(594e) Understanding Water Slip on Defective Boron Nitride Surfaces: Combined Quantum and Classical Modeling of Solid–Liquid Friction

Defects such as atomic vacancies are commonly encountered in real two-dimensional (2D) materials, yet their effect on interfacial phenomena is seldom considered. In this work, we realistically model the frictional properties of hexagonal boron nitride (hBN), an up-and-coming 2D material, by considering five different types of vacancy defects present in it. In recent years, hBN has been employed in various applications, such as membrane separations and energy harvesting, where hBN–water interfaces are ubiquitous. Thus, understanding solid–liquid friction on realistic hBN surfaces is important to design and develop such applications. Here, we present a combined quantum-classical approach to achieve this objective. To this end, we use quantum-mechanical density functional theory (DFT) to obtain point charges to accurately represent the unique electric field produced by each of the five defects considered.
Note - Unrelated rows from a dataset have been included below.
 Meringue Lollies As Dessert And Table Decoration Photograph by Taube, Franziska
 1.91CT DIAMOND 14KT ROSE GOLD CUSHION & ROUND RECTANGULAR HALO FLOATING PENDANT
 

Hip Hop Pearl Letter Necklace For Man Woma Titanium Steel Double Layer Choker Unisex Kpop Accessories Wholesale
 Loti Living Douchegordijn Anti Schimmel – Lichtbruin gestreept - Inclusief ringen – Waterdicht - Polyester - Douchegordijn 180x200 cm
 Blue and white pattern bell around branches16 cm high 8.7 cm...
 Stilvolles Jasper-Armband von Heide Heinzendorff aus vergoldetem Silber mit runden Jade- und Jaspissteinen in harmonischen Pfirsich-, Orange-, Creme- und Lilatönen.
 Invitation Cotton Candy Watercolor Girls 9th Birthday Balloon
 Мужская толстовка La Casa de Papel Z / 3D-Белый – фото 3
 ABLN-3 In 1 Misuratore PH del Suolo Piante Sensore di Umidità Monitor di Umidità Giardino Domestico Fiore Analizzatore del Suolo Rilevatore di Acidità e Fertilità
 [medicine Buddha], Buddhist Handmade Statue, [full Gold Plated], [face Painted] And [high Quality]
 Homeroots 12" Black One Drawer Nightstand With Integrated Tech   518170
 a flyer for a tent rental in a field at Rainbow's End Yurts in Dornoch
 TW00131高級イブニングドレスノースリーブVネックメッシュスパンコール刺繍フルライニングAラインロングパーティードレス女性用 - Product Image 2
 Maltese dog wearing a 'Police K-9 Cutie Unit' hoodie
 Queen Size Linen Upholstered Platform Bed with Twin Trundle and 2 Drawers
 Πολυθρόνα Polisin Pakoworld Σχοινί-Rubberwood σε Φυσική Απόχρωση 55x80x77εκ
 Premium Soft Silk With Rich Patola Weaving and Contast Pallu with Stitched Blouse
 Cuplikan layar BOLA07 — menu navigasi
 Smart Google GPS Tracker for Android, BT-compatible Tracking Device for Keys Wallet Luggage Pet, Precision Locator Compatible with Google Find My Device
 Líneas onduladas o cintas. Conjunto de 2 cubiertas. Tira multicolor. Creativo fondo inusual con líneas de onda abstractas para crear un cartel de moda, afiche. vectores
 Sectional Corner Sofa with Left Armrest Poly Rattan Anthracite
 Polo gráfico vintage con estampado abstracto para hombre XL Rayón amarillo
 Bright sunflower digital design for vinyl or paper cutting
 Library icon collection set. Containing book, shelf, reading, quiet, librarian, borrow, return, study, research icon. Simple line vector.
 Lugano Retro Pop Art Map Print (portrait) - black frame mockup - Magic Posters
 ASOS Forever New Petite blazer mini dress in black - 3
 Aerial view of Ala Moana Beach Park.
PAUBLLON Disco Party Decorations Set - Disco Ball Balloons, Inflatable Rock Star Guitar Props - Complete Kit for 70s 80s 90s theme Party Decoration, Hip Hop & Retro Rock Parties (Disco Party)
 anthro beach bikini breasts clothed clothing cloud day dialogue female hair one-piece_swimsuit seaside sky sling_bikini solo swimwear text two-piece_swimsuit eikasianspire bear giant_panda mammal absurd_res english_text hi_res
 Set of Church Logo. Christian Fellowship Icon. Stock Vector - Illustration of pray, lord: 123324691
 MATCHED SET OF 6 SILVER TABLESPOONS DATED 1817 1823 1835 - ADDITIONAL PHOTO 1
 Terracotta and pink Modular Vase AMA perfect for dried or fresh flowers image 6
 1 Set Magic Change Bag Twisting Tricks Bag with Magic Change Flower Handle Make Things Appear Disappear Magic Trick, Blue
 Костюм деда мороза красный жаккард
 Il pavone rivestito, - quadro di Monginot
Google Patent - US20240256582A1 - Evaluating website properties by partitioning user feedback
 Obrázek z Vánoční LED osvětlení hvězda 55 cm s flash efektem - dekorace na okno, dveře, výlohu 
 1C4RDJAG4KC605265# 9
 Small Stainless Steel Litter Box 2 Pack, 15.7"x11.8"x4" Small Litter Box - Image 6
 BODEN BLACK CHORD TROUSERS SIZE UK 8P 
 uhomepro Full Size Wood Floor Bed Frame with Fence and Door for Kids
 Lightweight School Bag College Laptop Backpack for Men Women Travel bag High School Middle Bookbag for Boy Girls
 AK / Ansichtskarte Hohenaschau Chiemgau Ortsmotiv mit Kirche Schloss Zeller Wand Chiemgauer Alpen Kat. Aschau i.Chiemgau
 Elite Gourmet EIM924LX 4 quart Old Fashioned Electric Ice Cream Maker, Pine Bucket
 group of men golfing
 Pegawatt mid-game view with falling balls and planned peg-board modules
Subsequently, using classical molecular dynamics (MD) simulations, we study the role of the vacancy size and composition in modulating the hBN–water friction coefficient, and the resultant slip length for water flow on hBN. We also quantify the effect of vacancy concentration on the hBN–water friction coefficient. Our work provides realistic limits for the friction coefficient of hBN, by considering the effect of the most-probable defects in that material.